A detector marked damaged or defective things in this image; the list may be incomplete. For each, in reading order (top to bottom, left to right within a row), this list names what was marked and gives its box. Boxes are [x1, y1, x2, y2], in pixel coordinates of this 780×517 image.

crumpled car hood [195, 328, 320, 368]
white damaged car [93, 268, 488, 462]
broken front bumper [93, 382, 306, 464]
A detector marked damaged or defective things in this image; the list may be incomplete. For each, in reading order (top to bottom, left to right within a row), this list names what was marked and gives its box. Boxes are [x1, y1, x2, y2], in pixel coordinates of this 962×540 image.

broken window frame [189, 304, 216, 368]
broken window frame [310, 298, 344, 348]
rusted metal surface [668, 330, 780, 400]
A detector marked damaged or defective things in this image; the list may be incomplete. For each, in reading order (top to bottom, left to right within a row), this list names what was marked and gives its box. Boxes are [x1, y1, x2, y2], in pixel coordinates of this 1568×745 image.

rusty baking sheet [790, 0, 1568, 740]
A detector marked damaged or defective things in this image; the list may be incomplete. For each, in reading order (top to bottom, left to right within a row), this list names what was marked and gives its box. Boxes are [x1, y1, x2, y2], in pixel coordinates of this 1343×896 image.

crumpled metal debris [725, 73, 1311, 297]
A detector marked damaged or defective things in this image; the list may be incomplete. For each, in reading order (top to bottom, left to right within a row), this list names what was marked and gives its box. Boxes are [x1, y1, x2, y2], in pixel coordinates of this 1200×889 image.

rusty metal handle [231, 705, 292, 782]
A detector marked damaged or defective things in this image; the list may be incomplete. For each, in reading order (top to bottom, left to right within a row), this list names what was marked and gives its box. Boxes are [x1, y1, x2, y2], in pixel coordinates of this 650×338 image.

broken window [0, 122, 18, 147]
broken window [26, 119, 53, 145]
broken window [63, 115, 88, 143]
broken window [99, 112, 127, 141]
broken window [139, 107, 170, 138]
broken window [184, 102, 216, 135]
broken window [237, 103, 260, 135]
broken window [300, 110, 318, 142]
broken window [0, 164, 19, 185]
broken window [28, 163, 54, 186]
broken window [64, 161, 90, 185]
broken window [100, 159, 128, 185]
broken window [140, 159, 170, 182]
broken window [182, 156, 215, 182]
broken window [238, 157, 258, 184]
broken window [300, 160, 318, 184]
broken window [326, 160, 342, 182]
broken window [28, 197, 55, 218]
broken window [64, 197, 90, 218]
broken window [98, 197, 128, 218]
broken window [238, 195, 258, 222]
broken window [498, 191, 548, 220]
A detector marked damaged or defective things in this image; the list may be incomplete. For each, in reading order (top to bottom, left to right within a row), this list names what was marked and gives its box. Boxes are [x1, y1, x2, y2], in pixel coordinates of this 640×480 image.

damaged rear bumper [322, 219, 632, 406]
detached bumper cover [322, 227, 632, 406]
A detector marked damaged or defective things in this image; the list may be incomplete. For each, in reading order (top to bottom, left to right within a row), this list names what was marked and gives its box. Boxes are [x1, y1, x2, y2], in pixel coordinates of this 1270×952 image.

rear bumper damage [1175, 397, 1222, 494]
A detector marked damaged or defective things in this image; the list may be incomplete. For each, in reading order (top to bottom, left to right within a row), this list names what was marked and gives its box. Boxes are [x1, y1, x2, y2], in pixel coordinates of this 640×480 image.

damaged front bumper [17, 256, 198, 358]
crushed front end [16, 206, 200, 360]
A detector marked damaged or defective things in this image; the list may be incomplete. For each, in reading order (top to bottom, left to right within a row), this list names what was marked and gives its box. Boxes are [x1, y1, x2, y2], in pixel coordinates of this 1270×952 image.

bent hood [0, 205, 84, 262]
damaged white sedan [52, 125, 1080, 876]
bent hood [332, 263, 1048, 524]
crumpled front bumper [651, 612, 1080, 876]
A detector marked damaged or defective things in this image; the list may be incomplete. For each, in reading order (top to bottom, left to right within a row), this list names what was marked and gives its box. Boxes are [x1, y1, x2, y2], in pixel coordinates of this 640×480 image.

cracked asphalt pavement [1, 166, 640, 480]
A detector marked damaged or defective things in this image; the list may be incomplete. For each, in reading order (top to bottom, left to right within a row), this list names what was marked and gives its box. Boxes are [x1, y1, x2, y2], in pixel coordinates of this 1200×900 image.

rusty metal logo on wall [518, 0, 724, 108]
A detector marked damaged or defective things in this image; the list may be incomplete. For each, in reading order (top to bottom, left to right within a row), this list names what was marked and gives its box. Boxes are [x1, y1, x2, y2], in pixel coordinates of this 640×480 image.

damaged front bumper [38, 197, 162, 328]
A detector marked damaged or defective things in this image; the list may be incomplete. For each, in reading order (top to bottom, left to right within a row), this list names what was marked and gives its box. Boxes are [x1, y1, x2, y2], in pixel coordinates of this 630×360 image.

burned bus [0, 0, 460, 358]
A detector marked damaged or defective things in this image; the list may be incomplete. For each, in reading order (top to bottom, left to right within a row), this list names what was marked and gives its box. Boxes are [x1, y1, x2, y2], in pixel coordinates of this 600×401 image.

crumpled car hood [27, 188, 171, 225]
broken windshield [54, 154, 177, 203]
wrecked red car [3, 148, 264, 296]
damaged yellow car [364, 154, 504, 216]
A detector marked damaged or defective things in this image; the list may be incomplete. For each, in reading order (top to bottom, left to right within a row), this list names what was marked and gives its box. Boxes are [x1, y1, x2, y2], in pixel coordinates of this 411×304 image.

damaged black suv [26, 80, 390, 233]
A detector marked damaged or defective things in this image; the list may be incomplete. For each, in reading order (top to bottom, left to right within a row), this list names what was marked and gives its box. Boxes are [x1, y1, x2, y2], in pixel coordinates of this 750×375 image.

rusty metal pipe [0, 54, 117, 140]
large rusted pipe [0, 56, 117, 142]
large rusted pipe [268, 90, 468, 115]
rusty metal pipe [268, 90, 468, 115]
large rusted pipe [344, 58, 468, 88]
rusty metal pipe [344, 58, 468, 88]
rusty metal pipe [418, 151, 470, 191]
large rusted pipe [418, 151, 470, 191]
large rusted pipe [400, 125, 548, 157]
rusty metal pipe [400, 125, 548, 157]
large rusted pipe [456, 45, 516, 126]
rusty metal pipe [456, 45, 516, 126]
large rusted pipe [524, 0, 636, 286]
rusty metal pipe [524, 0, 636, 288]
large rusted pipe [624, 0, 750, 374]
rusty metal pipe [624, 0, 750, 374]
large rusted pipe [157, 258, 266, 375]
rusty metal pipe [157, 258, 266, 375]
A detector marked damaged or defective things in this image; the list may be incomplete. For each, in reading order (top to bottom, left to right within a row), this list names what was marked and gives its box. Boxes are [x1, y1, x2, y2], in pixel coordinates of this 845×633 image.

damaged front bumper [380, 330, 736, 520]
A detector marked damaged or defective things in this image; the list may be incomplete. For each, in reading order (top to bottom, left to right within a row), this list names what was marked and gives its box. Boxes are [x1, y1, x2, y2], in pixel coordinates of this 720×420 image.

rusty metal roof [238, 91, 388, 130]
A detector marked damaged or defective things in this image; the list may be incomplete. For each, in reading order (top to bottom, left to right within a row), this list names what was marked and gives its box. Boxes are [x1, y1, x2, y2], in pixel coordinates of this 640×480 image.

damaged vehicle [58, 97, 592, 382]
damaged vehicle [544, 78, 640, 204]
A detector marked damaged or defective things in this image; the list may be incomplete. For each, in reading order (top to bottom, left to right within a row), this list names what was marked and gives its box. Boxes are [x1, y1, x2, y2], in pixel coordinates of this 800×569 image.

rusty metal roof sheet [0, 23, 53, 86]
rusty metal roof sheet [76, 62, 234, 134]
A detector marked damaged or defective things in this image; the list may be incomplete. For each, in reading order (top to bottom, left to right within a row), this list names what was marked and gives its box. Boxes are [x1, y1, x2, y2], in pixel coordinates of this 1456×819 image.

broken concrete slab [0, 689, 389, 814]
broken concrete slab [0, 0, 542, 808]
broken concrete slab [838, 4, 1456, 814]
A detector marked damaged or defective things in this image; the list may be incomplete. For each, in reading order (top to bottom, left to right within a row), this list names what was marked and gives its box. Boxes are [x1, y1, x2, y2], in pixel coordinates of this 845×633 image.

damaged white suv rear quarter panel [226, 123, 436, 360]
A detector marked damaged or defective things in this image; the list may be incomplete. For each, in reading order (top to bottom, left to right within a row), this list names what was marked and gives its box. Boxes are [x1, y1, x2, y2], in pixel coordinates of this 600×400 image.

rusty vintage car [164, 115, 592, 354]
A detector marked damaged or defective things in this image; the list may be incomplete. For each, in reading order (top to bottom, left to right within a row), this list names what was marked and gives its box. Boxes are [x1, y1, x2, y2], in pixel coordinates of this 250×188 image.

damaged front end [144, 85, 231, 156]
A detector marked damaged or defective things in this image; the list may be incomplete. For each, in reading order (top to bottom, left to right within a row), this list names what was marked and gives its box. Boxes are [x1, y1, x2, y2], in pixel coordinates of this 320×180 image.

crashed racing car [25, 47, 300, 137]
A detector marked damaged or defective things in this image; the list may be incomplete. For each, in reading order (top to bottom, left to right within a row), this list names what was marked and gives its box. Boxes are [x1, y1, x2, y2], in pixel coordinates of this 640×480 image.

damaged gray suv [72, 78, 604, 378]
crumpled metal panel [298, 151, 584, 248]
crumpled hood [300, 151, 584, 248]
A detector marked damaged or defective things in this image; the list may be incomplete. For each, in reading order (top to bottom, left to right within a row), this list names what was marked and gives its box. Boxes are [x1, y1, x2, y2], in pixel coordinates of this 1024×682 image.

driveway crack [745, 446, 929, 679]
────────────────
TASK OBJECTIVE:
Write down only the closing run of lines: the one containing "this 1024×682 image." and every line after it to the end of the entries, exactly.

OUTPUT FOR THIS TASK:
A detector marked damaged or defective things in this image; the list may be incomplete. For each, in reading order (top to bottom, left to right within a row), this list names what was marked and gives its box. Boxes are [x1, y1, x2, y2], in pixel coordinates of this 1024×682 image.

driveway crack [745, 446, 929, 679]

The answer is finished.